[Crawled caption data]
===

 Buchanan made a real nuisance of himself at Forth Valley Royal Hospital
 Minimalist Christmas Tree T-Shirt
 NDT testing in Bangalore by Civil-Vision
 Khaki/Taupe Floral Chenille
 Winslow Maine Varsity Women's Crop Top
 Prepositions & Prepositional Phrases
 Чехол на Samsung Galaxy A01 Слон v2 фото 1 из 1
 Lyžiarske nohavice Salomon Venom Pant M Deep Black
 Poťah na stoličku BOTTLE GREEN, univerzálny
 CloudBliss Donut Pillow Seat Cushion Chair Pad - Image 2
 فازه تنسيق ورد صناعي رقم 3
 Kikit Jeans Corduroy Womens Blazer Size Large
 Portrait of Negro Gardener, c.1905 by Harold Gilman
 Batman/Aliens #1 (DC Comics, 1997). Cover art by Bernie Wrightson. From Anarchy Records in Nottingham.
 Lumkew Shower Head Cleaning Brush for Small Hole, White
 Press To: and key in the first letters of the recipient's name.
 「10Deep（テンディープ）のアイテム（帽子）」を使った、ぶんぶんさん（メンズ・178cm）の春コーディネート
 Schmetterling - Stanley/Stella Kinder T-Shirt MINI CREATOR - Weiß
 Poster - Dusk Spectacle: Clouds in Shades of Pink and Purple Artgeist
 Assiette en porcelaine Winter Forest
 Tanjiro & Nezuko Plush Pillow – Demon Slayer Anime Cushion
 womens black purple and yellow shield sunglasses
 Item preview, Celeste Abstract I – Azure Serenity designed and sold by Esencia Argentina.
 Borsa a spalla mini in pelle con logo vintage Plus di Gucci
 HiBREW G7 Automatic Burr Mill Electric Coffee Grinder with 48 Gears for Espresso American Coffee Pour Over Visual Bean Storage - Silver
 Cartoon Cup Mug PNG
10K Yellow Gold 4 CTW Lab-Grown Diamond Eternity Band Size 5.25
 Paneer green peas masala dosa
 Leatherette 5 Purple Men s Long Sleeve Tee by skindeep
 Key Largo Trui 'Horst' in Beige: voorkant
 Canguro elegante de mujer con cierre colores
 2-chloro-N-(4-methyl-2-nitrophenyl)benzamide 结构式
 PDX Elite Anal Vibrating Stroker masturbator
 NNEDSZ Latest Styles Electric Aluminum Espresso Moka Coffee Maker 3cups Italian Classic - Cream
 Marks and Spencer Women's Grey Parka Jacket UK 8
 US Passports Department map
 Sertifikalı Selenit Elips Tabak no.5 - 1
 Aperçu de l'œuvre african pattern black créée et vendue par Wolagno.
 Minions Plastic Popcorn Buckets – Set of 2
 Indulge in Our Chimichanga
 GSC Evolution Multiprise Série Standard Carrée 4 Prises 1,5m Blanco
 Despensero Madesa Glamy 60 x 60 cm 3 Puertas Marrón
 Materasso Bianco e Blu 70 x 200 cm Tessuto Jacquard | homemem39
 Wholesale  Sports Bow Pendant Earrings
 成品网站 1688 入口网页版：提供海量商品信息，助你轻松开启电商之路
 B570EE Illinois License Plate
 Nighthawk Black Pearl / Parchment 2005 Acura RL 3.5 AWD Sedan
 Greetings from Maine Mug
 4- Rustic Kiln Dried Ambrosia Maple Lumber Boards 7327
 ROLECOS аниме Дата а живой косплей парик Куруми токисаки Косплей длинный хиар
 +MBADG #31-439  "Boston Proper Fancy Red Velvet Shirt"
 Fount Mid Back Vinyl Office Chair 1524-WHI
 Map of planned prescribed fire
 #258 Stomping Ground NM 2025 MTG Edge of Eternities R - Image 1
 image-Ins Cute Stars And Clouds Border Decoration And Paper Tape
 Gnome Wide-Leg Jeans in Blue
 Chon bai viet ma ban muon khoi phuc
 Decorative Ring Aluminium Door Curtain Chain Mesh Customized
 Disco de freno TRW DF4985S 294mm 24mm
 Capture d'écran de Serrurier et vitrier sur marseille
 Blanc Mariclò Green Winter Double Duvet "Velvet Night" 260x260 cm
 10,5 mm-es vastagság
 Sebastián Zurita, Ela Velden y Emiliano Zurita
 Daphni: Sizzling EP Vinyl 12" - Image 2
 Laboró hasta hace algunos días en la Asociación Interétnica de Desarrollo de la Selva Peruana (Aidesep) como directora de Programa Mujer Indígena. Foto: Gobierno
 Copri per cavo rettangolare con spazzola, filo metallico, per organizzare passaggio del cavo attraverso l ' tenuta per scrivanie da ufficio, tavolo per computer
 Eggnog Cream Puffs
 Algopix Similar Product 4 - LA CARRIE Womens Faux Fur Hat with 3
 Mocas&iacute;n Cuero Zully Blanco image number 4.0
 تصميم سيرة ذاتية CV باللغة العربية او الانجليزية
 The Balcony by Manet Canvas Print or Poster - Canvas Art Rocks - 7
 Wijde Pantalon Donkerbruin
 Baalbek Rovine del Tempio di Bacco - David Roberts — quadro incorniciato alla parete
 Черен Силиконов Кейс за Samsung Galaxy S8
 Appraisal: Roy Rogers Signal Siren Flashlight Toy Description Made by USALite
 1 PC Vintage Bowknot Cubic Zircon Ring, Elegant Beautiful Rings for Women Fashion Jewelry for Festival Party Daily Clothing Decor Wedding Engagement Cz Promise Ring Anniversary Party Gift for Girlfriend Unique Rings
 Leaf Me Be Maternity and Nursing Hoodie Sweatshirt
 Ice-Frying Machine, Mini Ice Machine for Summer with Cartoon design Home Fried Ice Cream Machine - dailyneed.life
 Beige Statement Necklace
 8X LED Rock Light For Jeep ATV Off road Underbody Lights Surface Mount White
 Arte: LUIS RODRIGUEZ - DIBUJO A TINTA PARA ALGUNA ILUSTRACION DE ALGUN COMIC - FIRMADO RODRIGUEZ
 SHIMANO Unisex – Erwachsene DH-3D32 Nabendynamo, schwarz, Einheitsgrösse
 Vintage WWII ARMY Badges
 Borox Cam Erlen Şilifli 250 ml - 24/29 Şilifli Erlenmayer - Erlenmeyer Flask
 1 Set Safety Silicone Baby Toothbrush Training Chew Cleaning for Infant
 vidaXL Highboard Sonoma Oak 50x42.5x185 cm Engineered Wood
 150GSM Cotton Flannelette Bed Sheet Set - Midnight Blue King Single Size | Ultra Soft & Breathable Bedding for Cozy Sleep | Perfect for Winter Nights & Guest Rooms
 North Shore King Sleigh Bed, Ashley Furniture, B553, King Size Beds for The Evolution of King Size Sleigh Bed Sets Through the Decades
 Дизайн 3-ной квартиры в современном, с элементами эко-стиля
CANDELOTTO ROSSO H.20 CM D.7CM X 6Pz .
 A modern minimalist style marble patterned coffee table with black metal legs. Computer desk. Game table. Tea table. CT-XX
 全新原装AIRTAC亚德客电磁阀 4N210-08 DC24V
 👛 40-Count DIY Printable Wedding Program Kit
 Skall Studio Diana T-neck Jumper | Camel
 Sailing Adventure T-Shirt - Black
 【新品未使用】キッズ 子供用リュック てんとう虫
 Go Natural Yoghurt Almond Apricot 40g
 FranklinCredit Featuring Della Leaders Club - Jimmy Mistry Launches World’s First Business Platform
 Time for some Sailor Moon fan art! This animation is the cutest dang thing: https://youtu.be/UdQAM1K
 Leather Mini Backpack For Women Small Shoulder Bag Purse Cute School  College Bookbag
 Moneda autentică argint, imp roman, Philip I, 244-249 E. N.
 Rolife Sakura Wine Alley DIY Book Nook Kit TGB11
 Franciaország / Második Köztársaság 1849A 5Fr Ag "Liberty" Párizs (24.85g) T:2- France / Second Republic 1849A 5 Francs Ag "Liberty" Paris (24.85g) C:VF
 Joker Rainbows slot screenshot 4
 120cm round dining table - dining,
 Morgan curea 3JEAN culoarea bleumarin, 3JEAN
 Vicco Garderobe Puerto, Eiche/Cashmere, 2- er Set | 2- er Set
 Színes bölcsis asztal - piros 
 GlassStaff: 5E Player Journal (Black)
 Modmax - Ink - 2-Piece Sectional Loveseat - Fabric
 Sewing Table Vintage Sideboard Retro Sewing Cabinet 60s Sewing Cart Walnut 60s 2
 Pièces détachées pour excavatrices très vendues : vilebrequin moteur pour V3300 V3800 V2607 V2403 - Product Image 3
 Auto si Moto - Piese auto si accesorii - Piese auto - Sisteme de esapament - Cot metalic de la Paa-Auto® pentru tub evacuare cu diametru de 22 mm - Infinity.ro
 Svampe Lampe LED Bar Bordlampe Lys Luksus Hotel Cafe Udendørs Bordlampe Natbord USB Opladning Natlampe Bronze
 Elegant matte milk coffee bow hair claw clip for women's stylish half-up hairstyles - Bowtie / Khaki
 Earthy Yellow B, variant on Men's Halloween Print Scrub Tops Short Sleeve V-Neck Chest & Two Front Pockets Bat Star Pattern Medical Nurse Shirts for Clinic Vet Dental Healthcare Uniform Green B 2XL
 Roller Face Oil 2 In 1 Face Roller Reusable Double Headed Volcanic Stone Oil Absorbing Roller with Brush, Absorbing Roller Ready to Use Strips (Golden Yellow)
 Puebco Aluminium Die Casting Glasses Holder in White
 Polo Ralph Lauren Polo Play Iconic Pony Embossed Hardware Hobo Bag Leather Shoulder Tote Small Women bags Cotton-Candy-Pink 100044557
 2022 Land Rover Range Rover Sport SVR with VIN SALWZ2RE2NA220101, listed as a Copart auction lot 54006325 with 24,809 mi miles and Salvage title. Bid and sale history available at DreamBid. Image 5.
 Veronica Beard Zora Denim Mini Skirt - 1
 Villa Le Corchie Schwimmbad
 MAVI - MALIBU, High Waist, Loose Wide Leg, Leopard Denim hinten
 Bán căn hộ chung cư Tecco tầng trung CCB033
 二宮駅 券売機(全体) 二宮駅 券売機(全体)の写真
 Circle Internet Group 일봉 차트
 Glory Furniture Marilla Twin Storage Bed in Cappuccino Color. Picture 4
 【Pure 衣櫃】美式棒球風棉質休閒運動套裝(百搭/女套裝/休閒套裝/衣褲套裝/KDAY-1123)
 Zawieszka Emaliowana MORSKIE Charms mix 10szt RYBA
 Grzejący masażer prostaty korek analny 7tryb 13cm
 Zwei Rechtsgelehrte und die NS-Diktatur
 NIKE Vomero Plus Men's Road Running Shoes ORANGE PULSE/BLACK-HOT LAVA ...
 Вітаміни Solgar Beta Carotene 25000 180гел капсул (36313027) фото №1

===

## Exercise
Send back an exact copy of only the lines from the line with "10,5 mm-es vastagság" up to and including the line with "Borox Cam Erlen" in the data above.

## Solution for this task
 10,5 mm-es vastagság
 Sebastián Zurita, Ela Velden y Emiliano Zurita
 Daphni: Sizzling EP Vinyl 12" - Image 2
 Laboró hasta hace algunos días en la Asociación Interétnica de Desarrollo de la Selva Peruana (Aidesep) como directora de Programa Mujer Indígena. Foto: Gobierno
 Copri per cavo rettangolare con spazzola, filo metallico, per organizzare passaggio del cavo attraverso l ' tenuta per scrivanie da ufficio, tavolo per computer
 Eggnog Cream Puffs
 Algopix Similar Product 4 - LA CARRIE Womens Faux Fur Hat with 3
 Mocas&iacute;n Cuero Zully Blanco image number 4.0
 تصميم سيرة ذاتية CV باللغة العربية او الانجليزية
 The Balcony by Manet Canvas Print or Poster - Canvas Art Rocks - 7
 Wijde Pantalon Donkerbruin
 Baalbek Rovine del Tempio di Bacco - David Roberts — quadro incorniciato alla parete
 Черен Силиконов Кейс за Samsung Galaxy S8
 Appraisal: Roy Rogers Signal Siren Flashlight Toy Description Made by USALite
 1 PC Vintage Bowknot Cubic Zircon Ring, Elegant Beautiful Rings for Women Fashion Jewelry for Festival Party Daily Clothing Decor Wedding Engagement Cz Promise Ring Anniversary Party Gift for Girlfriend Unique Rings
 Leaf Me Be Maternity and Nursing Hoodie Sweatshirt
 Ice-Frying Machine, Mini Ice Machine for Summer with Cartoon design Home Fried Ice Cream Machine - dailyneed.life
 Beige Statement Necklace
 8X LED Rock Light For Jeep ATV Off road Underbody Lights Surface Mount White
 Arte: LUIS RODRIGUEZ - DIBUJO A TINTA PARA ALGUNA ILUSTRACION DE ALGUN COMIC - FIRMADO RODRIGUEZ
 SHIMANO Unisex – Erwachsene DH-3D32 Nabendynamo, schwarz, Einheitsgrösse
 Vintage WWII ARMY Badges
 Borox Cam Erlen Şilifli 250 ml - 24/29 Şilifli Erlenmayer - Erlenmeyer Flask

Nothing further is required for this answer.